*THE TASK*.
Please restate each line of the data below exactly. Omit all images.

╭─ SOURCE DATA

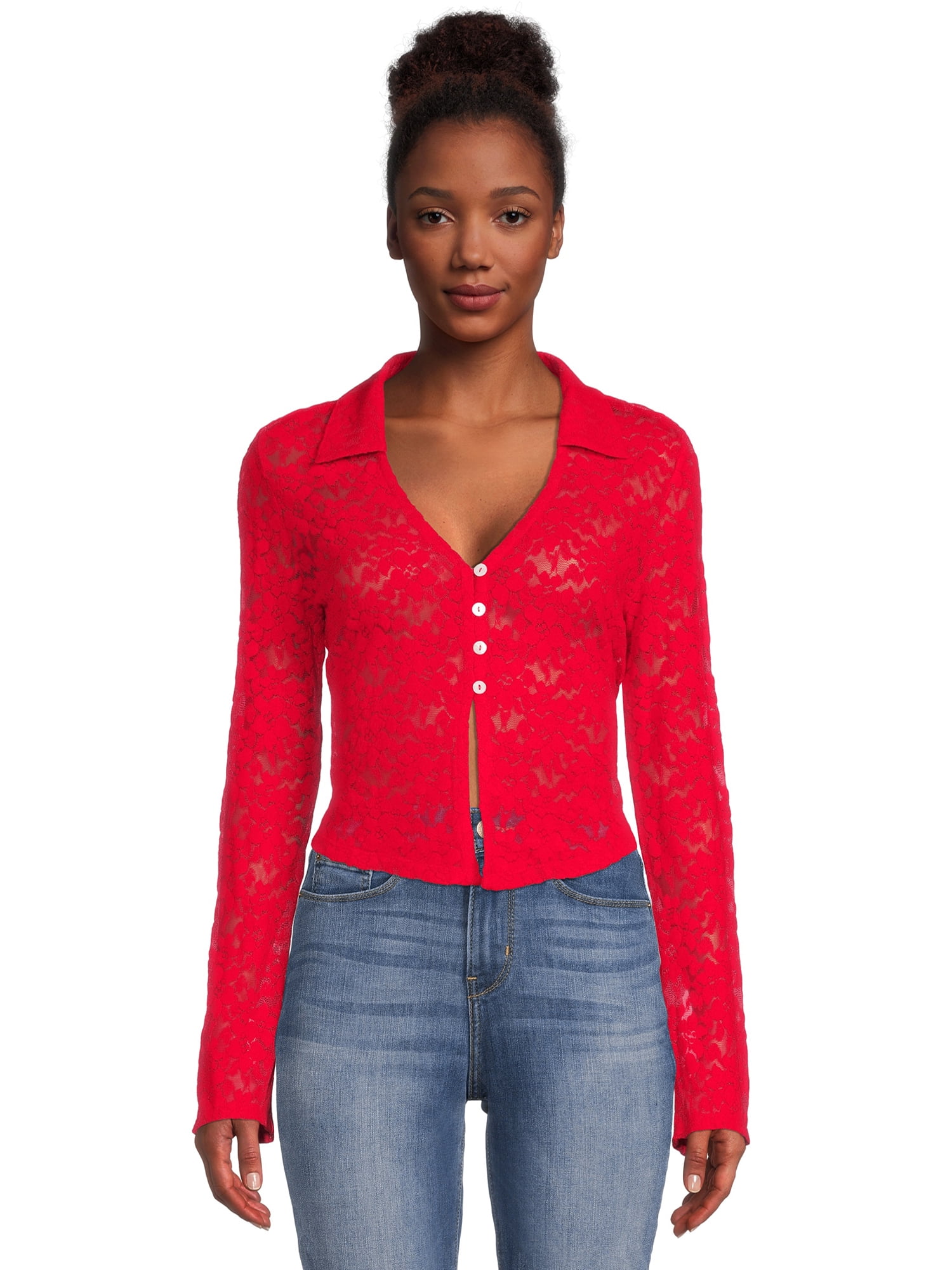 Madden NYC Junior's Lace Jonny Collar Top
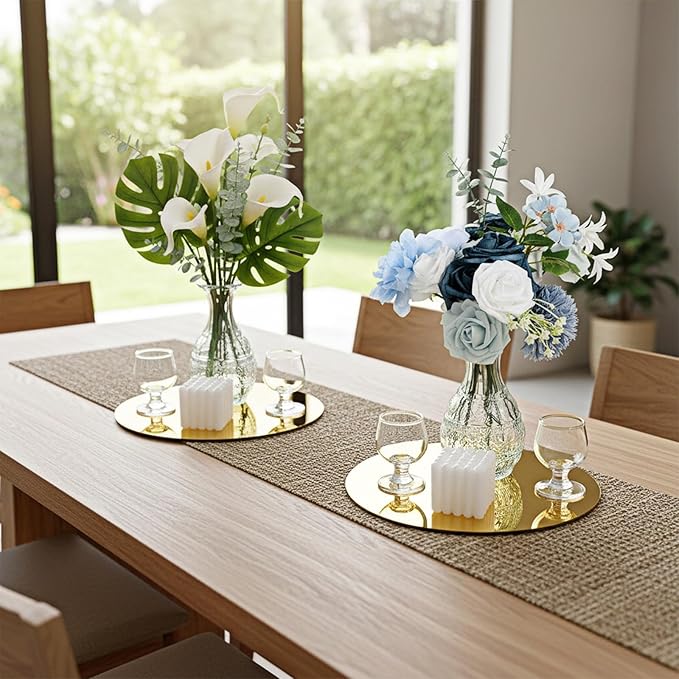 12 Pcs 10 Inch Acrylic Round Mirrors, Round Mirrors for Centerpieces, Mirror Centerpieces for Tables, Circle Mirror Plates, Acrylic Candle Plates for Home Wall Decor Weddings(Thickness 1 mm) (Gold)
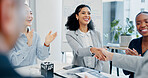 Shaking hands, applause and business people in office for meeting with finance deal, partnership or agreement. Happy, clapping and financial manager with investor for handshake on investment contract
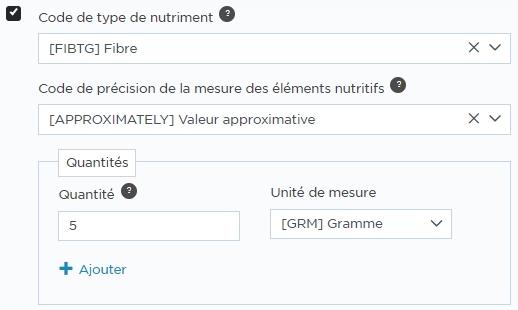 Valeurs nutritionnelles 10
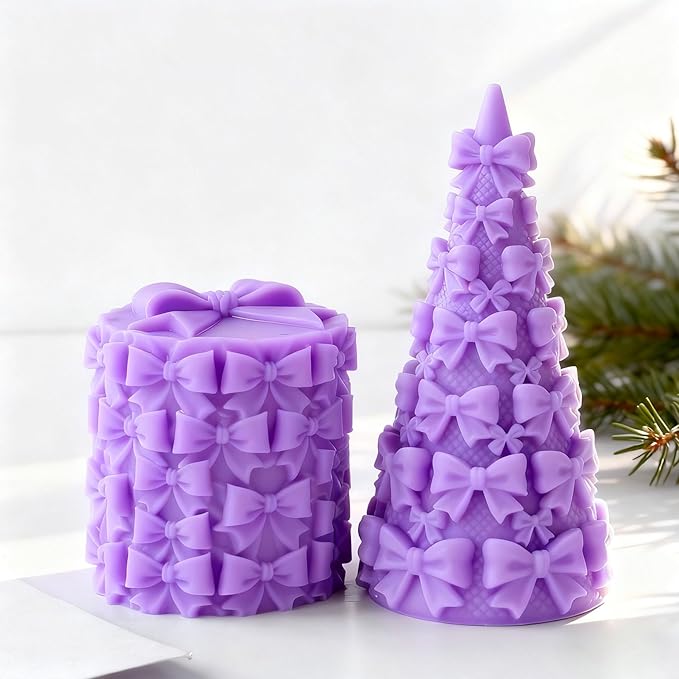 Candle Mold for Candle Making, 3D Conical Silicone Mold for Resin Casting DIY Plaster Polymer Clay Home Decoration (Bow&Tree)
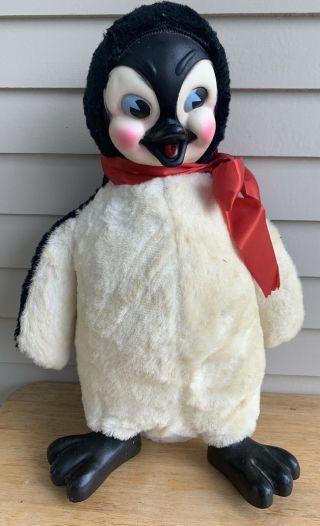 Vtg 50s Rushton Rubber Face Penguin Plush Knickerbocker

╰─

*TASK RESPONSE*.
 Madden NYC Junior's Lace Jonny Collar Top
 12 Pcs 10 Inch Acrylic Round Mirrors, Round Mirrors for Centerpieces, Mirror Centerpieces for Tables, Circle Mirror Plates, Acrylic Candle Plates for Home Wall Decor Weddings(Thickness 1 mm) (Gold)
 Shaking hands, applause and business people in office for meeting with finance deal, partnership or agreement. Happy, clapping and financial manager with investor for handshake on investment contract
 Valeurs nutritionnelles 10
 Candle Mold for Candle Making, 3D Conical Silicone Mold for Resin Casting DIY Plaster Polymer Clay Home Decoration (Bow&Tree)
 Vtg 50s Rushton Rubber Face Penguin Plush Knickerbocker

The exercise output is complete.